**WHAT NEEDS TO BE DONE**. What you return should be the exact lines from the one with "Casa para alugar" to the end of the records below, both included, and no pictures.

**DATA SECTION**.
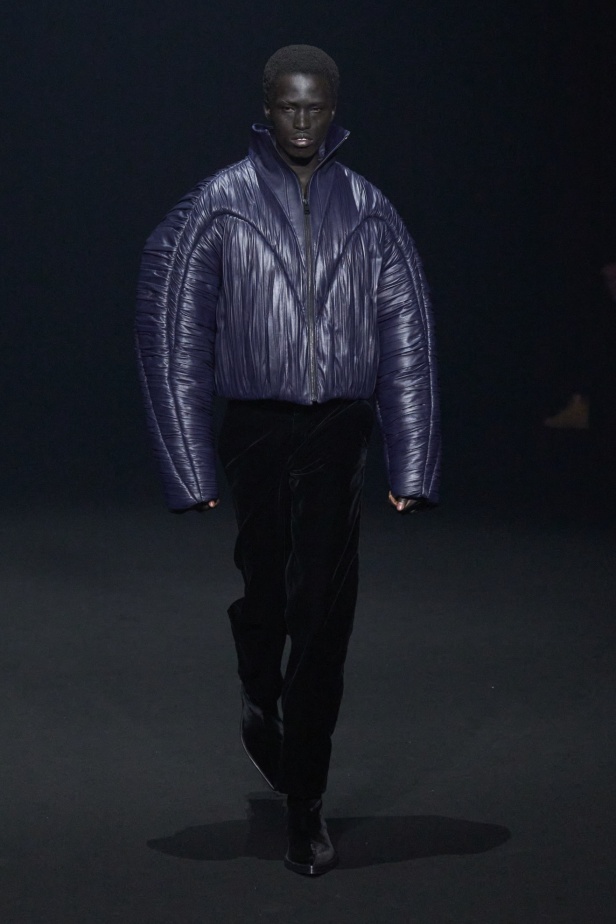 مجموعة Mugler لخريف وشتاء 2024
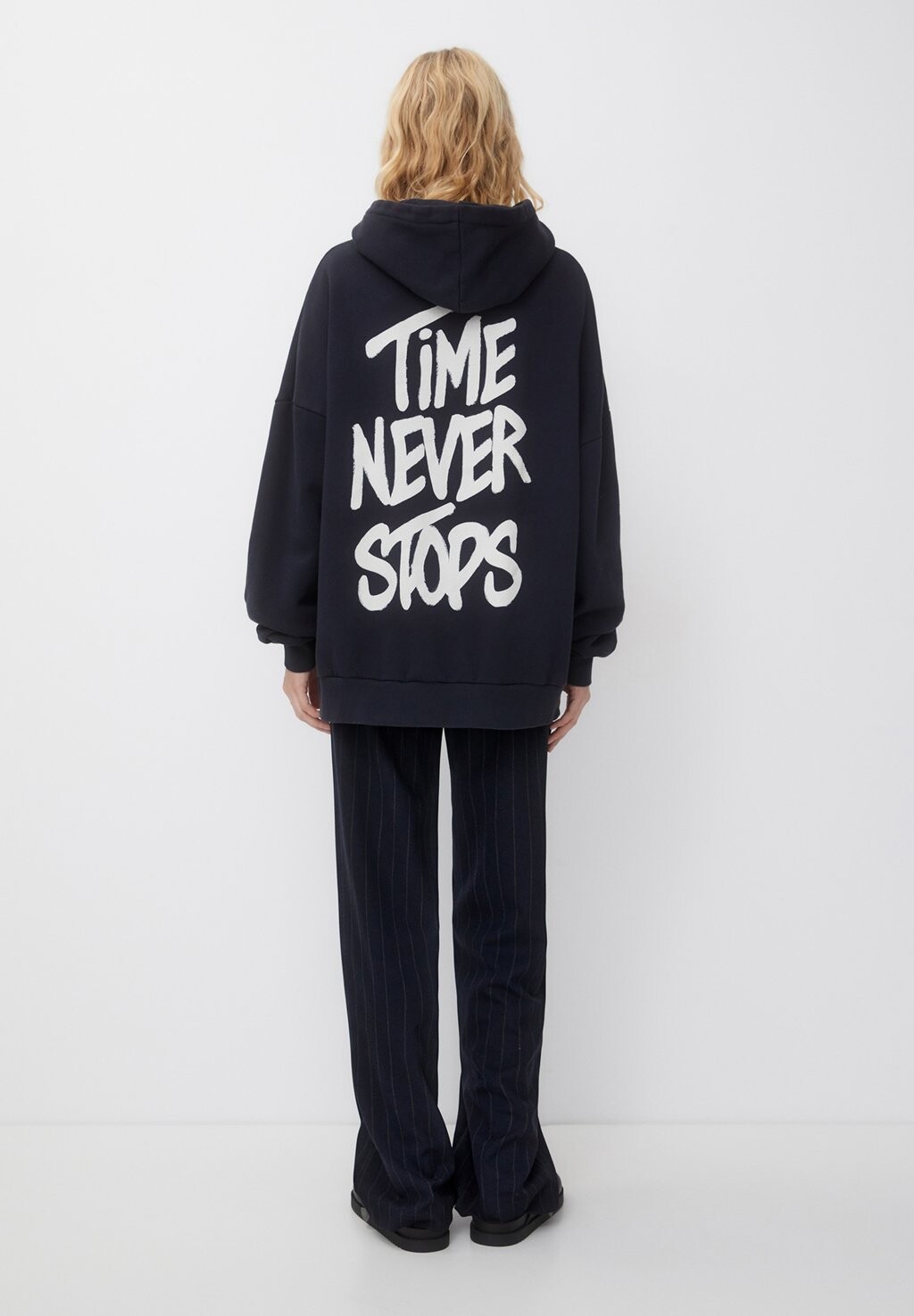 

Толстовка CONTRAST SLOGAN PULL&BEAR, цвет black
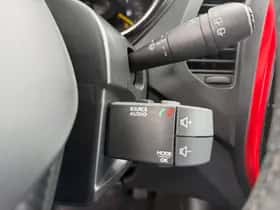 Renault Captur (2015) thumbnail 21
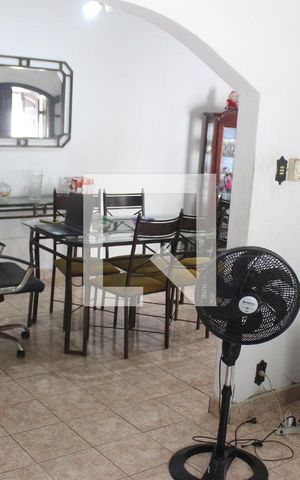 Casa para alugar com 180m², 2 quartos e 3 vagasSala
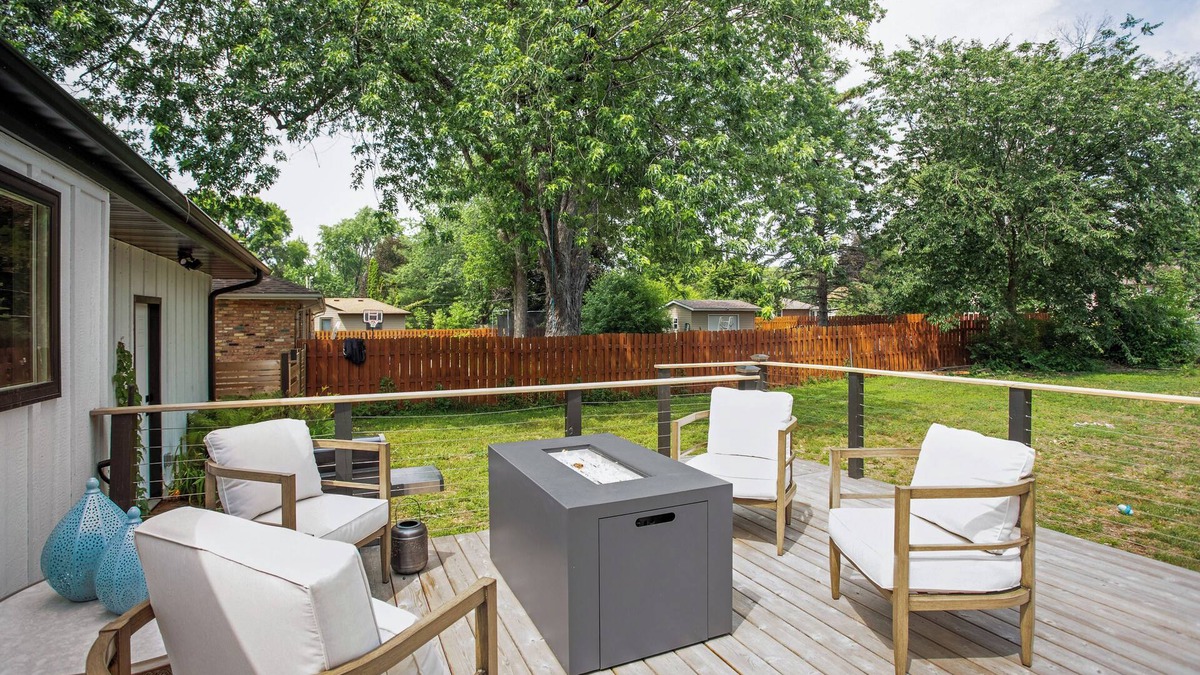 Crystal House | Charming & Bright Crystal Home w/Fire Table!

**ANSWER FOR THE TASK**.
 Casa para alugar com 180m², 2 quartos e 3 vagasSala
 Crystal House | Charming & Bright Crystal Home w/Fire Table!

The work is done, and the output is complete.